Everything from the line containing "VALYSSIA – NAVY" through the line containing "Closeup of a" in the listing below should be copied exactly, and nothing more.

Dataset excerpts section start

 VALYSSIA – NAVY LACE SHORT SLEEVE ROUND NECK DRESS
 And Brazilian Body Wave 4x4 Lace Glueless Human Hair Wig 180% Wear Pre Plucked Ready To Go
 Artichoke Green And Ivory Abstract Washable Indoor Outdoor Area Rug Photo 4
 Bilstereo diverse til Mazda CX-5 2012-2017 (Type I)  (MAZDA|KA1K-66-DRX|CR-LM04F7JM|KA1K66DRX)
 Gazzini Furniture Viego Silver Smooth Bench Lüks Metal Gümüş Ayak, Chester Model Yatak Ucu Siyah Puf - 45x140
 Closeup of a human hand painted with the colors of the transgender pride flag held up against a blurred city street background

Dataset excerpts section end
Dataset excerpts section start

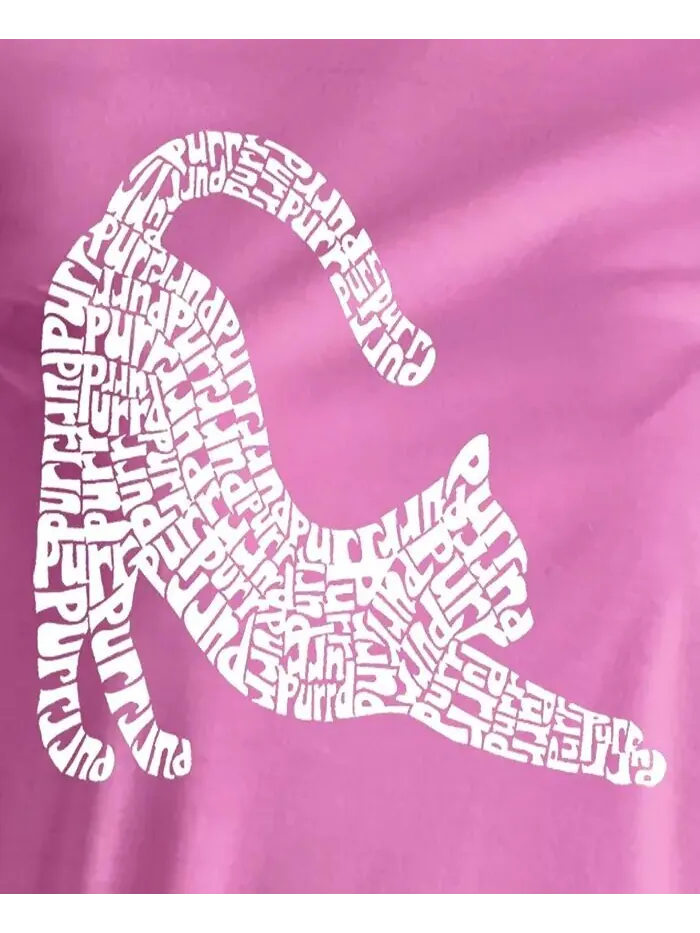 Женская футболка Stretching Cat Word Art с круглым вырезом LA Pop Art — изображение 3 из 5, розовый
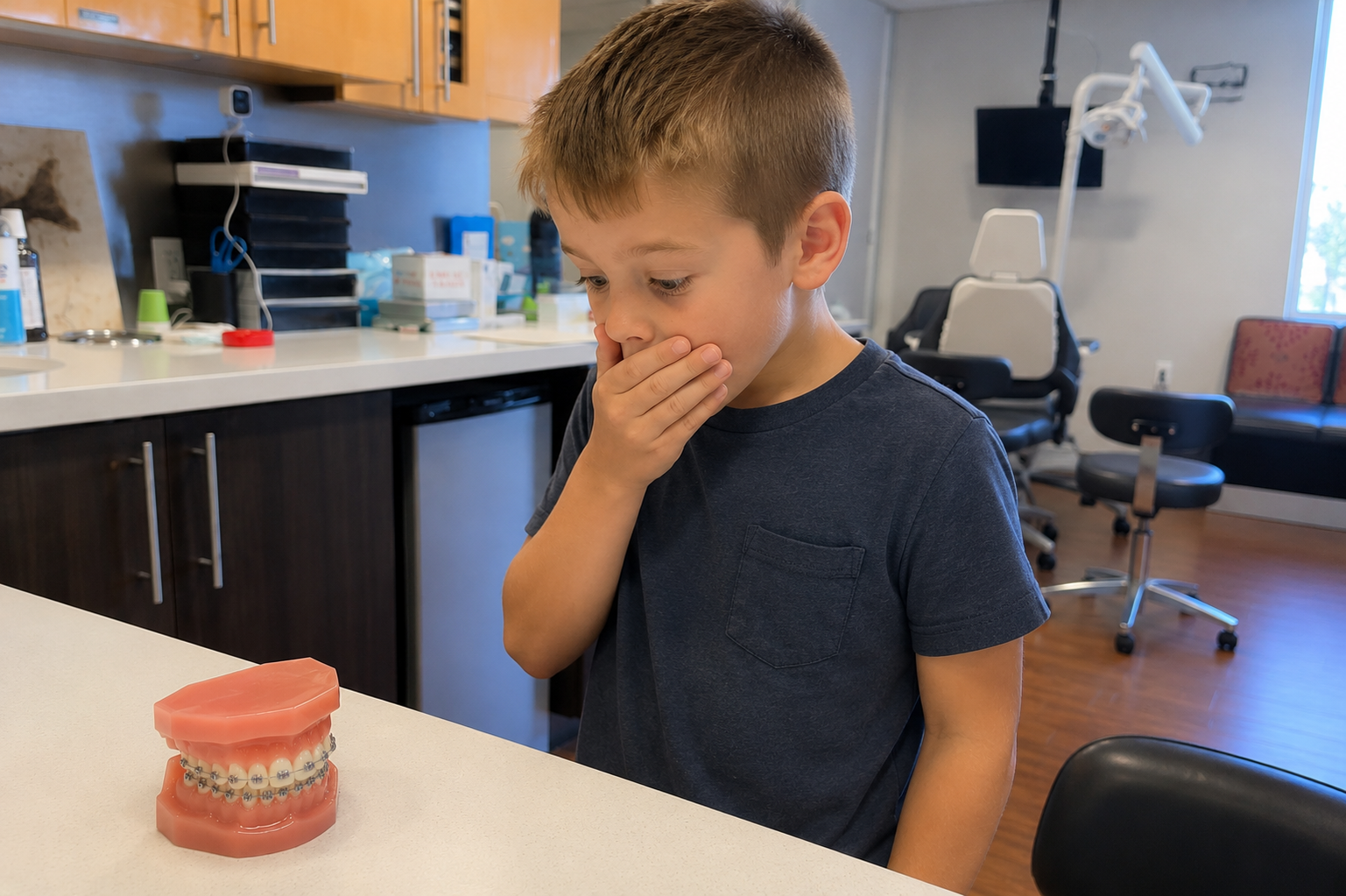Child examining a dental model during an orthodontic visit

Dataset excerpts section end

• **Solution to this problem**:
 VALYSSIA – NAVY LACE SHORT SLEEVE ROUND NECK DRESS
 And Brazilian Body Wave 4x4 Lace Glueless Human Hair Wig 180% Wear Pre Plucked Ready To Go
 Artichoke Green And Ivory Abstract Washable Indoor Outdoor Area Rug Photo 4
 Bilstereo diverse til Mazda CX-5 2012-2017 (Type I)  (MAZDA|KA1K-66-DRX|CR-LM04F7JM|KA1K66DRX)
 Gazzini Furniture Viego Silver Smooth Bench Lüks Metal Gümüş Ayak, Chester Model Yatak Ucu Siyah Puf - 45x140
 Closeup of a human hand painted with the colors of the transgender pride flag held up against a blurred city street background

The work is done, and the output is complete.